Le reazioni della comunità di fronte a eventi drammatici e imprevedibili aprono spesso una riflessione profonda sulla fragilità dei legami sociali e sulla difficoltà di intercettare i segnali di un malessere profondo. Quando la cronaca impone una narrazione d’emergenza, l’attenzione si sposta inevitabilmente sulla ricerca di risposte e sulla comprensione di dinamiche umane complesse, che si consumano nel silenzio delle mura domestiche prima di esplodere nella sfera pubblica. In questo contesto, le prime dichiarazioni ufficiali e il lavoro dei professionisti incaricati di fare luce sui fatti cercano di ricomporre un quadro psicologico e familiare frammentato, dove il dolore delle persone coinvolte si intreccia con la necessità di fare chiarezza. La gestione della verità, in queste ore convulse, richiede una delicatezza estrema e un rispetto rigoroso delle procedure, mentre l’opinione pubblica attende di comprendere i contorni di una vicenda che ha scosso profondamente la coscienza collettiva di un intero territorio.

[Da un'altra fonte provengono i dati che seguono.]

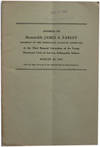 Address of Honorable James A. Farley Chairman of the Democratic National Committee at the Third Biennial Convention of the Young Democratic Clubs of America, Indianapolis, Indiana. August 20, 1937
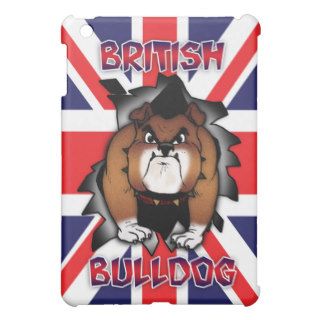 British Bulldog   Union Jack    Case For The iPad Mini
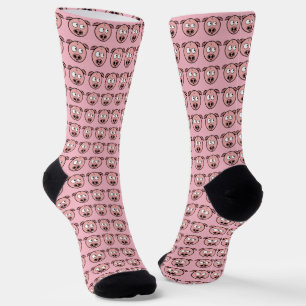 Chaussette Chaussettes à cochons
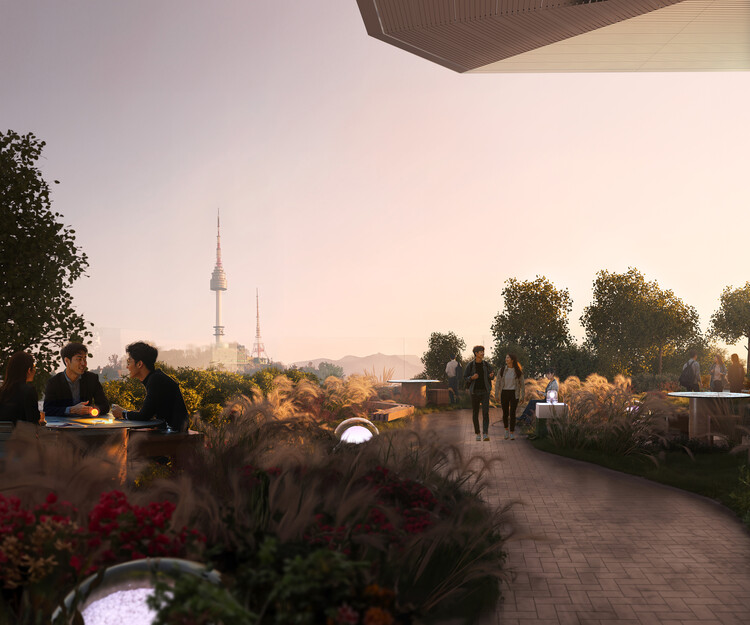 Foster + Partners Reveals Design for Mixed-Use Development in Central Seoul, South Korea - Image 6 of 7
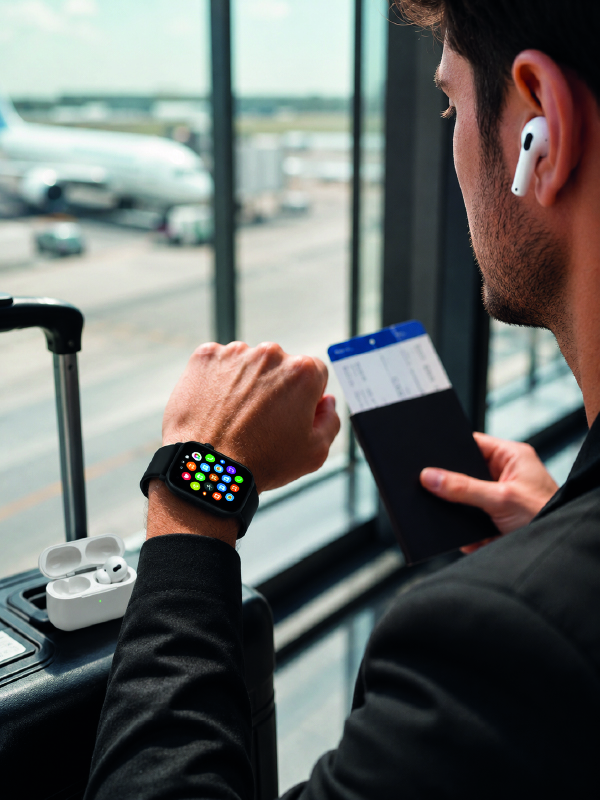 7 Kordonlu Akıllı Saat ve Bluetooth Kulaklık Seti Nabız Takibi, Bildirimler ve Spor Modları - Lisinya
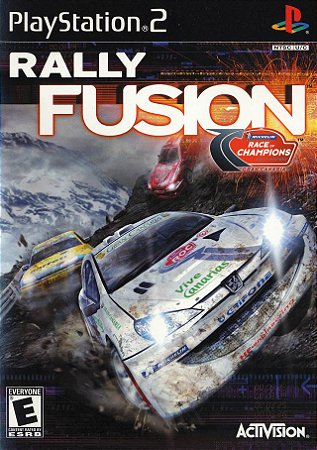 Jogo Rally Fusion: Race of Champions - PS2 -Usado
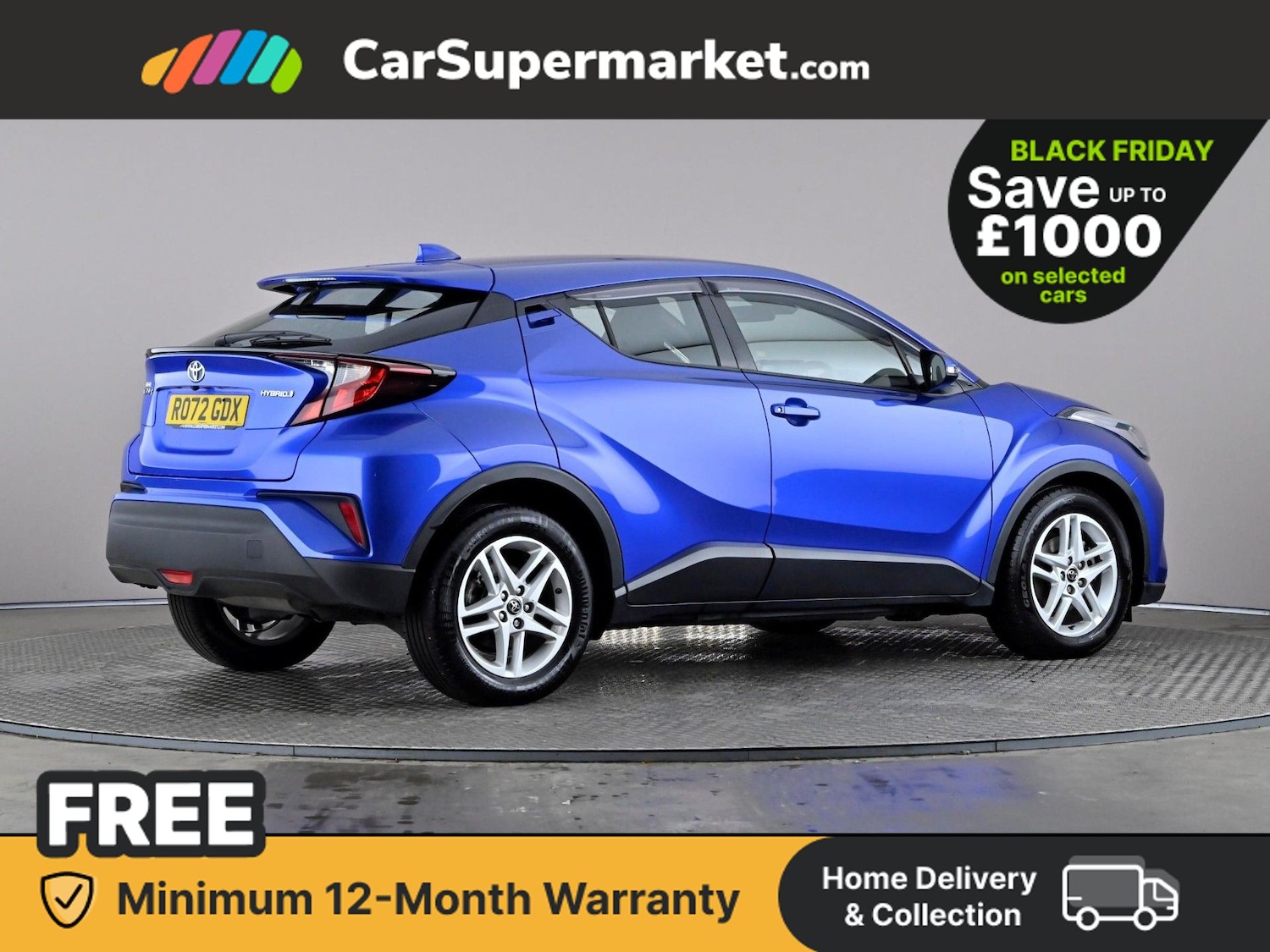 Used Toyota C-HR 2022 for sale - 76637028: Photo 7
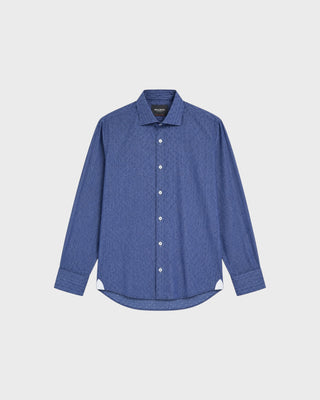 SHIRT EINSTEIN DOT PAISLEY - BLUE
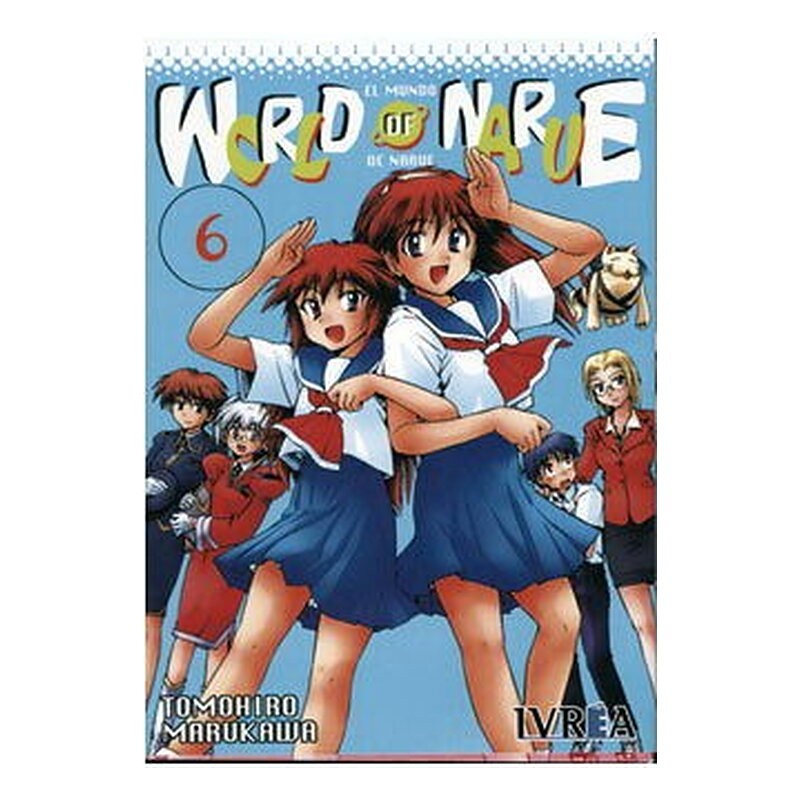 WORLD OF NARUE 06 (COMIC)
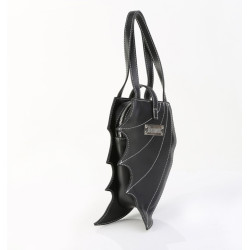 Demonia HB-215 Black Vegan Leather Handbags Women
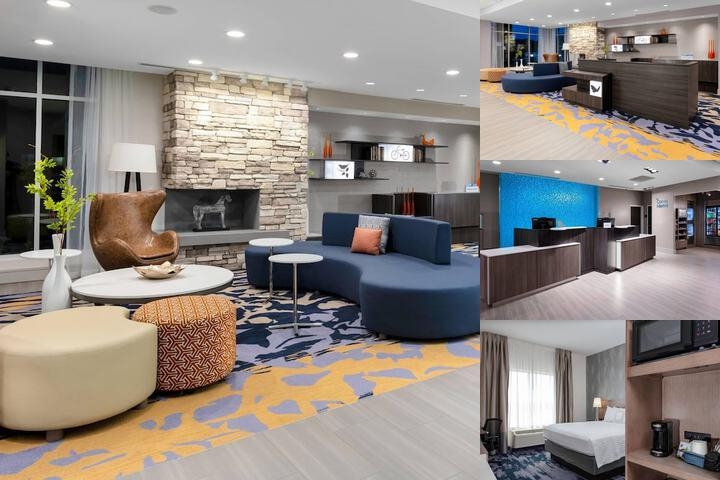 Fairfield Inn & Suites Charlotte / Pineville photo collage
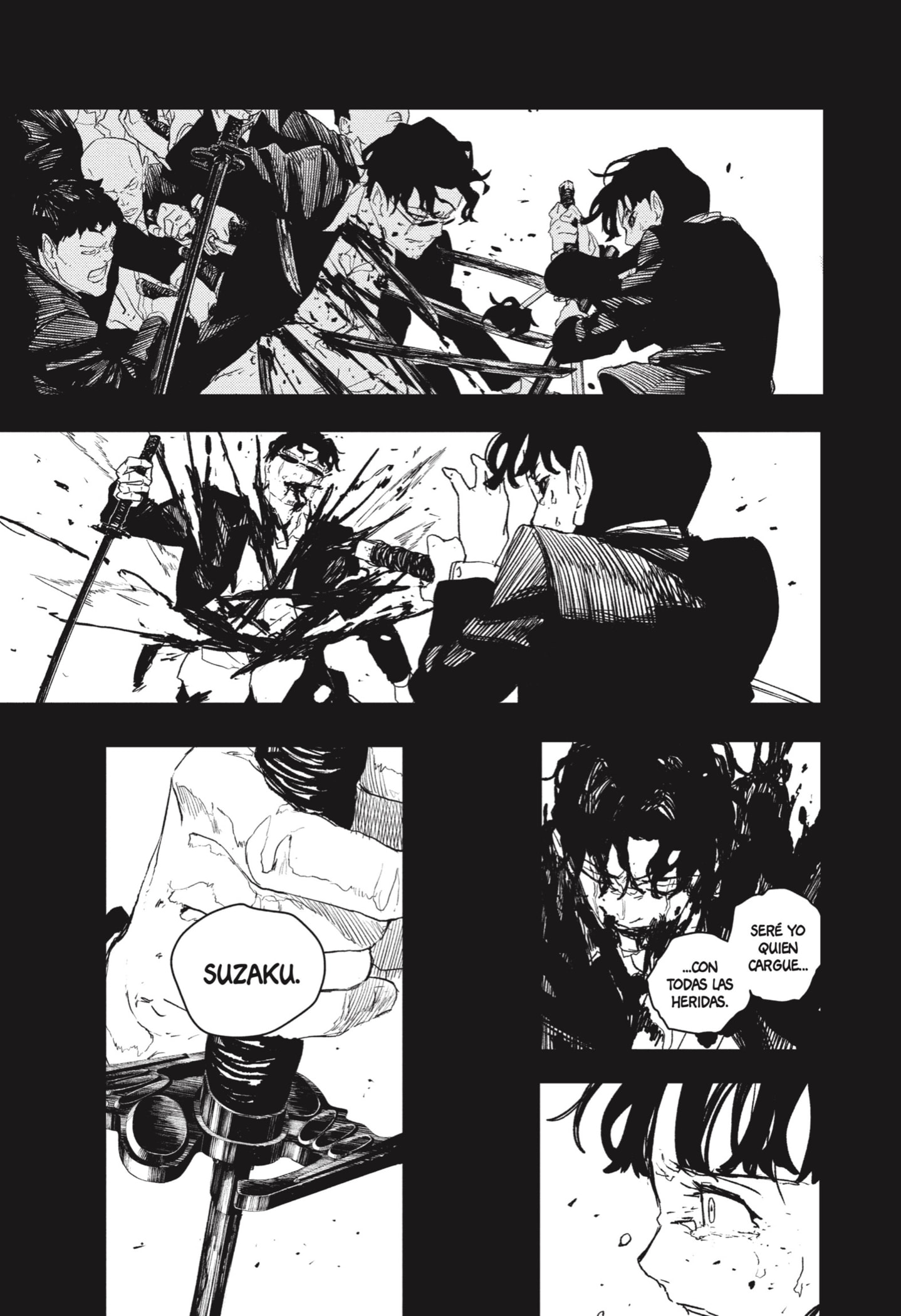 Kagurabachi Capitulo 76: Banquete página 17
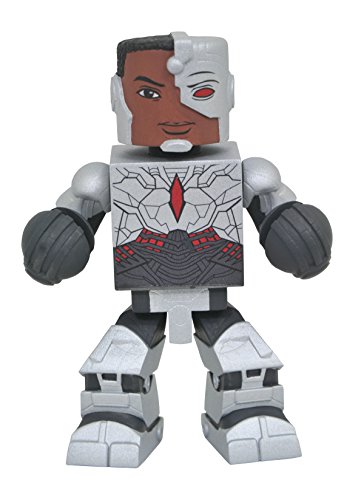 Diamond Select Toys Justice League Movie: Cyborg Vinimate Vinyl Figure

Il dramma dei familiari: la preghiera per i feriti
Diversamente da lui, che fatica a esprimere pensieri ordinati, la famiglia di Salim El Koudri, l’uomo che ha seminato il terrore e ha ferito otto persone in centro a Modena, «è pienamente lucida» e «ha compreso la gravità del gesto»commesso dal 31enne. Sono sconvolti, anche perché non sapevano nulla del percorso di cure mentali intraprese dal giovane negli scorsi anni. A spiegarlo è l’avvocato Fausto Giannelli, nominato nelle scorse ore di fiducia dai parenti del fermato, in carcere in isolamento dalla sera di sabato 16 maggio.
Padre, madre e sorella hanno chiesto al legale delle condizioni dei feriti, gli hanno domandato di informarsi con gli ospedali. «Sono annichiliti per il loro dolore, per la donna che ha perso le gambe». Il legale ha dipinto il ritratto di un nucleo familiare travolto da una tragedia imprevista e devastante.
«Mi hanno chiesto più dei feriti che del figlio, poi mi hanno chiesto anche del figlio perché sono consapevoli della gravità del fatto. La famiglia è chiusa nel dolore, mi hanno detto che l’unica cosa a cui pensano e per cui pregano è la salute delle persone ricoverate in ospedale, che è la cosa più importante», ha spiegato ancora l’avvocato Giannelli, evidenziando la totale distanza dei congiunti dall’azione criminale. Nel frattempo, sul fronte delle indagini, si continua a scavare nella vita dell’attentatore e sui dettagli del momento del blocco, quando è intervenuto anche Luca Signorelli, l’uomo che ha fermato Salim El Koudri a Modena: «Mattarella mi ha detto che ho fatto un gesto eroico», ha commentato quest’ultimo.
Il passato a Ravarino e i segnali di malessere
Il padre e la madre vivono a Ravarino, il piccolo centro della provincia modenese dove risiedeva, con loro, anche Salim. Si sono trasferiti in Emilia dalla Bergamasca nel 2000. Il padre lavora in un’azienda di Nonantola, la sorella, nel frattempo, da qualche anno è uscita di casa, si è sposata e risiede in un’altra provincia. Nell’abitazione di Ravarino dall’altra notte non c’è più nessuno, i vicini hanno raccontato che i genitori sono andati via su un furgone. Sono chiusi in casa, forse proprio dalla sorella, e non vogliono parlare con nessuno, ma sperano di poter incontrare Salim in carcere, quando sarà possibile e ci sarà un’autorizzazione in tal senso, per stargli vicino.
Non erano a conoscenza del fatto che nel 2022 il ragazzo si era rivolto al Comune manifestando un malessere ed era stato indirizzato al centro di salute mentale del territorio, a Castelfranco Emilia, dove gli erano stati prescritti farmaci. E dove ha continuato un percorso di terapie, fino al 2024, quando è stato interrotto. D’altra parte, come ha spiegato la sindaca di Ravarino, Maurizia Rebecchi, se non ci sono motivi particolari che richiedono trattamenti forzati, tutto dipende dall’autodeterminazione del paziente. Nell’ultimo periodo i familiari lo avevano visto piano piano cambiare, sempre più chiuso in se stesso, sempre più preso da computer e cellulare. Borbottava, parlava da solo, si isolava. «Lo hanno visto peggiorare», ma «senza spiegarsi il perché, senza avere gli strumenti per capire», ha concluso Giannelli.